A powerful House chairman introduced a bill Thursday that would permanently remove restrictions on where Medicare patients can access telehealth services but would make other telehealth coverage policies only temporary.Rep. Lloyd Doggett (D-Texas), who chairs the Ways and Means Committee's Health Subcommittee, sponsored legislation that would permanently lift a restriction that says patients must live in rural areas and receive telehealth services at participating health facilities for it to be covered by Medicare. Rep. Devin Nunes (Calif.), the senior Republican on the subcommittee, is a cosponsor.
The government has temporarily waived those restrictions during the pandemic, allowing Medicare patients from all over the country to receive telehealth services in their homes in every part of the country. Without congressional intervention, that benefit will end when the COVID-19 public health emergency declaration does.
Lawmakers from both parties and advocates have pushed Congress to permanently eliminate the coverage restrictions before then, calling it an outdated barrier to care.
"Expanded access to telehealth, permitted by emergency waivers, has transformed healthcare delivery—helping patients connect easily and safely with their physicians in a timely manner," Doggett said in a news release. "As the pandemic enters an unpredictable new stage and emergency waivers may expire, patients and providers should not face a cliff of uncertainty."
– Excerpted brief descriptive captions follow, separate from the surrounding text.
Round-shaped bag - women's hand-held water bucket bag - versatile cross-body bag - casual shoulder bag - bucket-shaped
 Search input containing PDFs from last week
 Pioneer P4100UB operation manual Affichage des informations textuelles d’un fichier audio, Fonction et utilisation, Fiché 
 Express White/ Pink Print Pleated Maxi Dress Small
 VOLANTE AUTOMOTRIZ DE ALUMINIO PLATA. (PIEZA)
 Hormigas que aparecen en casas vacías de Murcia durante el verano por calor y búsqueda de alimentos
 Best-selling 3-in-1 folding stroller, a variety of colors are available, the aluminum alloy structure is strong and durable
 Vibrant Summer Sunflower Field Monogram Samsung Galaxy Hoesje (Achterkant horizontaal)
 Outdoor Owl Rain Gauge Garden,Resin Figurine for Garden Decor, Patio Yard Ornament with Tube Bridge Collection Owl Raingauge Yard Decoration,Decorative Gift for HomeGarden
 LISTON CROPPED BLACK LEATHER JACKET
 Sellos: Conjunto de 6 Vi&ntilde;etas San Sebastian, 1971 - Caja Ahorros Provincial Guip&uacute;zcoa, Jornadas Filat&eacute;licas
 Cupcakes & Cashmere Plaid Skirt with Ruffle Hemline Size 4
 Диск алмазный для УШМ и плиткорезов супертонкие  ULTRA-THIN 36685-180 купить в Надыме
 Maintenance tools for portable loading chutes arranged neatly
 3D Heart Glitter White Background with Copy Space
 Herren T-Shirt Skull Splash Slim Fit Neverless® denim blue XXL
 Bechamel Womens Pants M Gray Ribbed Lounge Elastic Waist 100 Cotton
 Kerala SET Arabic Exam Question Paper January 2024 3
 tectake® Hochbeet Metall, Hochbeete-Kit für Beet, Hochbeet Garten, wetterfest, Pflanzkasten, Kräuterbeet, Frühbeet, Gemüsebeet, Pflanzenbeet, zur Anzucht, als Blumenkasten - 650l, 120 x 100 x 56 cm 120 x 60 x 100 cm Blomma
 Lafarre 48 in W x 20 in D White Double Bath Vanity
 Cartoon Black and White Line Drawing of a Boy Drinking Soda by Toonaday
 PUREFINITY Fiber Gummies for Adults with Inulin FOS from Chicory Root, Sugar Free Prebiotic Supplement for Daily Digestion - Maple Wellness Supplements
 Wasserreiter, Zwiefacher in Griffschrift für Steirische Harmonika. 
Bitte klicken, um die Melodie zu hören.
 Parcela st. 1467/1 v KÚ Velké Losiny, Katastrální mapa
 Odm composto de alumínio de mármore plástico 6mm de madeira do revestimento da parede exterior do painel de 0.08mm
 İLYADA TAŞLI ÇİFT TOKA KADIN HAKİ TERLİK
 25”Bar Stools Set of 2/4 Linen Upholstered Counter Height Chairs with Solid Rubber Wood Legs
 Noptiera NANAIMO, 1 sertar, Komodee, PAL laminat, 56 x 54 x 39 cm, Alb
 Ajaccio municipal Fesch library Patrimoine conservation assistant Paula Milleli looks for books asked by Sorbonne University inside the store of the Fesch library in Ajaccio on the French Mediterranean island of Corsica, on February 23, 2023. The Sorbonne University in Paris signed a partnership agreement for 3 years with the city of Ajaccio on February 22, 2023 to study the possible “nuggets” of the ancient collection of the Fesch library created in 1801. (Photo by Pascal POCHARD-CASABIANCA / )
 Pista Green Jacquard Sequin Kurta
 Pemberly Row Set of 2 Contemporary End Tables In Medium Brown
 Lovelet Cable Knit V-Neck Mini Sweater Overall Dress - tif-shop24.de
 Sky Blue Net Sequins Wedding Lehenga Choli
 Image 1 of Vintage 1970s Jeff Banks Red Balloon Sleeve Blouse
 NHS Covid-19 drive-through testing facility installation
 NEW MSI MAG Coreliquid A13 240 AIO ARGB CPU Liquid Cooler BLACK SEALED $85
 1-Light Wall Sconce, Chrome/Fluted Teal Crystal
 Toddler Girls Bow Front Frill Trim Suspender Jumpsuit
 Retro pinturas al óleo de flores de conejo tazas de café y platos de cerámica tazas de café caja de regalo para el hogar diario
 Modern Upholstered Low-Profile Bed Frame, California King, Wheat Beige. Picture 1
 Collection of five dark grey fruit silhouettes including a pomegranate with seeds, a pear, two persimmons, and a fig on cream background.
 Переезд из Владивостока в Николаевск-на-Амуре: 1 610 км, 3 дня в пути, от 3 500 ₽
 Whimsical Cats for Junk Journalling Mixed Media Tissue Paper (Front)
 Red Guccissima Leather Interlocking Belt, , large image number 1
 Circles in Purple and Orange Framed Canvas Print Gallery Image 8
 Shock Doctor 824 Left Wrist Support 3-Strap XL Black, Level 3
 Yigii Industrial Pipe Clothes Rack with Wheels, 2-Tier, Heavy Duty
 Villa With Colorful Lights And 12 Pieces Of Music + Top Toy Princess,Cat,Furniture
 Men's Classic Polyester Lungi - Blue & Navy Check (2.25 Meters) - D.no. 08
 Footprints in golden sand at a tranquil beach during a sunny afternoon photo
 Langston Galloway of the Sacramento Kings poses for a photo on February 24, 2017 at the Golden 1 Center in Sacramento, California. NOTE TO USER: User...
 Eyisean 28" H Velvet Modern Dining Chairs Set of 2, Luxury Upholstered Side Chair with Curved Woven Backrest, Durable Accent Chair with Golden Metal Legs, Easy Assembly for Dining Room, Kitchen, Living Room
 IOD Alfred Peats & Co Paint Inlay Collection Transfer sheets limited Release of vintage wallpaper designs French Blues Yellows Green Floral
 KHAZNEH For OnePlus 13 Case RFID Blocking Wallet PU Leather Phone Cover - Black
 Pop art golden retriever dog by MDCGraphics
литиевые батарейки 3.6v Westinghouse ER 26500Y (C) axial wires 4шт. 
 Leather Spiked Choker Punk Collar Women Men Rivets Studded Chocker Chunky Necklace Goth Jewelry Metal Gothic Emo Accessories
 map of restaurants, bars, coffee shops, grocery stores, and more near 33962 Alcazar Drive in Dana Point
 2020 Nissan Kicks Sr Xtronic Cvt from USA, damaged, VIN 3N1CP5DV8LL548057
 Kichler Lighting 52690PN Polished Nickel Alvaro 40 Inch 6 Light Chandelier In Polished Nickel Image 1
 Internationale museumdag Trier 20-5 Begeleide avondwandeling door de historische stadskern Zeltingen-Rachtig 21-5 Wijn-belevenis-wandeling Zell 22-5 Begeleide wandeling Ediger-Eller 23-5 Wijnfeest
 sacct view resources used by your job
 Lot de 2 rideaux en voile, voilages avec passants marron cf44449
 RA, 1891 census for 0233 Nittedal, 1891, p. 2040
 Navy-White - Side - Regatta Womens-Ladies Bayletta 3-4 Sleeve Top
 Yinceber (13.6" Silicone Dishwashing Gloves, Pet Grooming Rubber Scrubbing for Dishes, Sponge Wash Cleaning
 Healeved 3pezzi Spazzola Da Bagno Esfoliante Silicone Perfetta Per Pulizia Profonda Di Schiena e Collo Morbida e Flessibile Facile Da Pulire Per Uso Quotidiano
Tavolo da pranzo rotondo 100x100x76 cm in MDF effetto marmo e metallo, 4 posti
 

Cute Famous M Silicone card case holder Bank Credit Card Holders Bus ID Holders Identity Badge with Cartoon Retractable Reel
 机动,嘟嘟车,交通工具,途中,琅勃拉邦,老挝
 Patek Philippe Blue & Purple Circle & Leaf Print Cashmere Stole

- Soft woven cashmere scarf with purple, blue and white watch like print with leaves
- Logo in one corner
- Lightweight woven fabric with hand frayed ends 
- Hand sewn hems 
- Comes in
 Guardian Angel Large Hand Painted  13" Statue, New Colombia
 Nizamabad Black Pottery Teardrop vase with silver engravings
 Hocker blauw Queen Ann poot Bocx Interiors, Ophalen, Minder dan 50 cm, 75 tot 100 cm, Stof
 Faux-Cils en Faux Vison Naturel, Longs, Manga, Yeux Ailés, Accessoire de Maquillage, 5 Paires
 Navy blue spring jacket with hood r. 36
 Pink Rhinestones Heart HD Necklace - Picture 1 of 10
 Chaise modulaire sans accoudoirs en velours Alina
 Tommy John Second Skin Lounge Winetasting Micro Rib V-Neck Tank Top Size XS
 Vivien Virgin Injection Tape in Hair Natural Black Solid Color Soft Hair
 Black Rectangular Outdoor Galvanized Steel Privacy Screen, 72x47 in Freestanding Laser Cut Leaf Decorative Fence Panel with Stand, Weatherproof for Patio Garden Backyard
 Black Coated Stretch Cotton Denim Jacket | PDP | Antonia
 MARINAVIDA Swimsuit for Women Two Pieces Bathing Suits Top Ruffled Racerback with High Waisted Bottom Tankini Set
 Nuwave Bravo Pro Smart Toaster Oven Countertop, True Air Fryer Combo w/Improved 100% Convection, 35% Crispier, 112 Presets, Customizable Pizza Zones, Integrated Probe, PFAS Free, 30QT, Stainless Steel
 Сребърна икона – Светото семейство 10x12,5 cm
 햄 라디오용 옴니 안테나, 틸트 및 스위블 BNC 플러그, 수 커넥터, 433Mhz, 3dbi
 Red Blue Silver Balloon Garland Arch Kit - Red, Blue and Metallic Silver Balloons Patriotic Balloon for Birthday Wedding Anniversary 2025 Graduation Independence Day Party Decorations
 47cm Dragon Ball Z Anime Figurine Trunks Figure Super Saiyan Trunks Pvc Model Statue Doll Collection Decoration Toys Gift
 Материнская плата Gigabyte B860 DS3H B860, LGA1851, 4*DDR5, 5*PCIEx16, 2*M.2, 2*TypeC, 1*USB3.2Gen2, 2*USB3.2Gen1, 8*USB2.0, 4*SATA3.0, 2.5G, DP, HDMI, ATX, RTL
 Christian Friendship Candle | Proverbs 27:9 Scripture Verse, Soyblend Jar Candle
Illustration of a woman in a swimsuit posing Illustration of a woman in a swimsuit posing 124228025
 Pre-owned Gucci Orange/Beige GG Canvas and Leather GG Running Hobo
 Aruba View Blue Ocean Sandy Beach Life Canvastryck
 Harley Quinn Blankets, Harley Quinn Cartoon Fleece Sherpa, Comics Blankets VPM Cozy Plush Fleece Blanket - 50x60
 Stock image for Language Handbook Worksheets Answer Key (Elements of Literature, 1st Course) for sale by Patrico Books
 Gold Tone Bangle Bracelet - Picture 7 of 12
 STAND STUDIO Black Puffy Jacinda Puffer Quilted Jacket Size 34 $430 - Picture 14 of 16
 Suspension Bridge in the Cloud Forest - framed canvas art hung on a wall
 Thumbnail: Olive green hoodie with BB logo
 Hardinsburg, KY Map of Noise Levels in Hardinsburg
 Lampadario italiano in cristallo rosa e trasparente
The public health emergency is set to end in mid-January, but it will likely be extended for at least another 90 days as COVID-19 continues to pummel the U.S.
Congressional staffers and lobbyists expect Congress to act before the end of the emergency so Medicare enrollees don't lose access to telehealth services to which they have become accustomed since last year.
Expanded access to telehealth hasn't been a top priority for lawmakers this year even as Congress advances other healthcare legislation along with President Joe Biden's domestic agenda. Lower-priority items frequently aren't addressed until the last minute, so Doggett's telehealth measure likely will have to wait until next year, perhaps as soon as February when Congress tackles its annual spending bills.
"I would be surprised if the [public health emergency] were to end and nothing has happened" on telehealth, said Christina McCauley, legislative director for Rep. Doris Matsui (D-Calif.), who has worked on several telehealth bills.
Eliminating the geographic and site restrictions is not expected to be controversial. Another bill that would do so has 61 sponsors in the Senate—enough to evade a filibuster and pass. The list of sponsors includes two of the top three GOP leaders in the upper chamber, Sens. John Thune (S.D.) and John Barrasso (Wyo.), who is a medical doctor.
Lawmakers have introduced dozens of bills in the past few years to expand telehealth access, illustrating the broad support for action on the issue. But these measures differ on whether other telehealth services should be covered permanently or just for a few years while data is collected.
The Doggett bill would temporarily extend other emergency authorities for two years after the public health emergency, allowing Medicare coverage of a wider range of providers via telehealth, including occupational therapists and speech-language pathologists.The legislation would also temporarily allow Critical Access Hospitals to continue providing outpatient behavioral therapy services through telehealth and allow payment for audio-only services for two years after the public health emergency.
Some lawmakers and advocates want these changes to be made permanent immediately, but the Medicare Payment Advisory Commission has recommended temporary extensions of so policymakers can evaluate telehealth utilization and efficacy.
Telehealth utilization in Medicare increased massively during the pandemic, from 840,000 visits in 2019 to 53 million in 2020, according to data the Health and Human Services Department released last week. About 92% of those patients received services at home, which was not covered before the pandemic. About one-third of the visits were for behavioral health.
The legislation would also put restrictions on some telehealth services to crack down on potential fraud, including requiring in-person appointments within six months prior to ordering high-cost durable medical equipment or major clinical laboratory tests. Lawmakers pointed to charges the Justice Department brought against telehealth executives and doctors in 2019 for ordering unnecessarily back, shoulder and knee braces as well as cancer genetic tests.
Correction: An earlier version of this article misidentified the commiteee Rep. Lloyd Doggett (D-Texas) chairs.